A Maryland library that hosted a “Drag Queen Story Hour” for kids was forced to pick up the tab this week for security costs incurred by the local police department.
St. Mary’s County Commissioner John O’Connor said it’s not right for the library to drain local resources and taxpayer dollars to hold “controversial” events, such as the drag story hour, a local outlet reported. After a heated discussion about who should foot the $2,439.48 security bill that included members of the library board, the commissioners voted in favor of O’Connor’s motion to transfer the funds from the library to the sheriff’s office. (RELATED: Child Drag Queens: A Pride Month Media Obsession)
“For me, what I don’t like to see is our public safety resources being drained from other places in the county and our budget is being drained for controversial measures that are happening at the library,” O’Connor said at the July 16 meeting. “This is multiple times where we have incurred costs associated to your free rooms.”
Library board members said they were given little notice of the event, which was organized by two local activists groups, the Parents and Friends of Lesbians and Gays of Leonardtown and the Southern Maryland Secular Humanists. The groups described the story hour in a Facebook post as an event that “captures the imagination and play of the gender fluidity of childhood and gives kids glamorous, positive, and unabashedly queer role models,” BayNet.com reported.

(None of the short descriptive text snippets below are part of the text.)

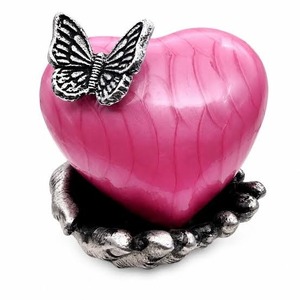 <b>Top</b> Best Selling Keepsake Heart Enamel Urn with <b>Butterfly</b> Design Black Base Decorative Stand Included Keepsake Heart Urn - Product Image 3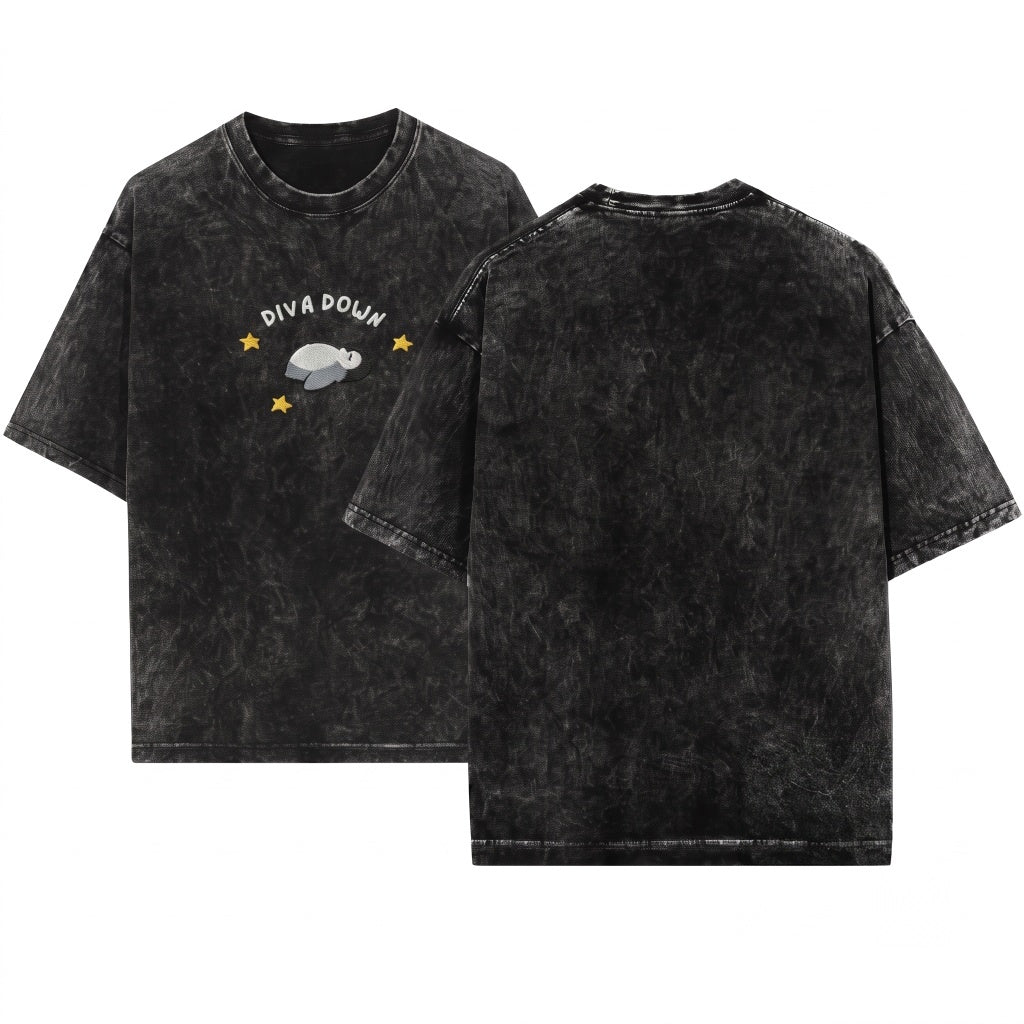 Diva Down Penguin Embroidered Funny Animal Graphic Apparel Heavyweight Unisex Wash T-Shirt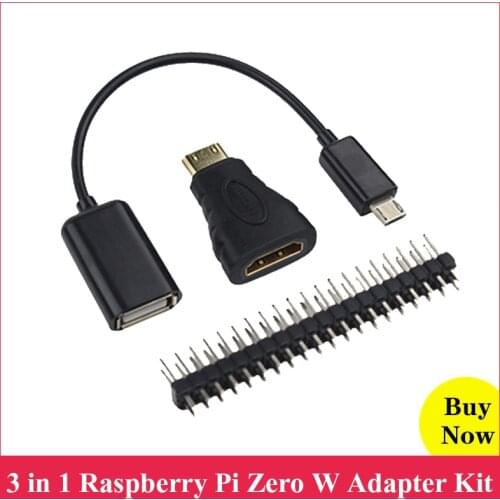 3 in 1 Raspberry Pi Zero Adapter kit Mini HDMI Adapter OTG Cable GPIO Header for Raspberry Pi Zero W V1.3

Police ended up arresting one 42-year-old local man who tried to attend the event and refused to leave. He is heard yelling “don’t believe those men dressed as women kids!” in footage of the arrest posted on Facebook. (RELATED: Snipers Defend Drag Queen Story Hour From Mom-Led Protest)
The library director was “visibly dismayed” at the result of the meeting, BayNet.com reported. “It’s unfortunate that you have taken money away from the library for something we couldn’t stop and I feel it is a retrospective action, but you’ve taken that action,” the director said in closing comments. “We will happily hear from you about your future concerns.”
He added that it would be difficult to stop the group from using the publicly available meeting rooms, because “frankly it is getting them exactly [the reaction] they want.”
Commissioners had voiced concerns about the event prior to it happening in June, saying they had been receiving phone calls and emails from upset locals for weeks. One commissioner said it was “round three” for the community against the library.
“Round one was ban the books, round two the pole dancer, this time it is going to be the drag queen,” he said, according to BayNet.com. “We learned this morning from our board of education meeting that we have 700 kids enrolled in Pre-K. The target audience of the drag queen [event] coming up is going to be 3 to 9-year-olds.”
Similar events have been popping up at libraries across the country. A Houston public library apologized in March after it was discovered that one of the drag queens who participated in a story hour had been previously charged with sexually assaulting a minor.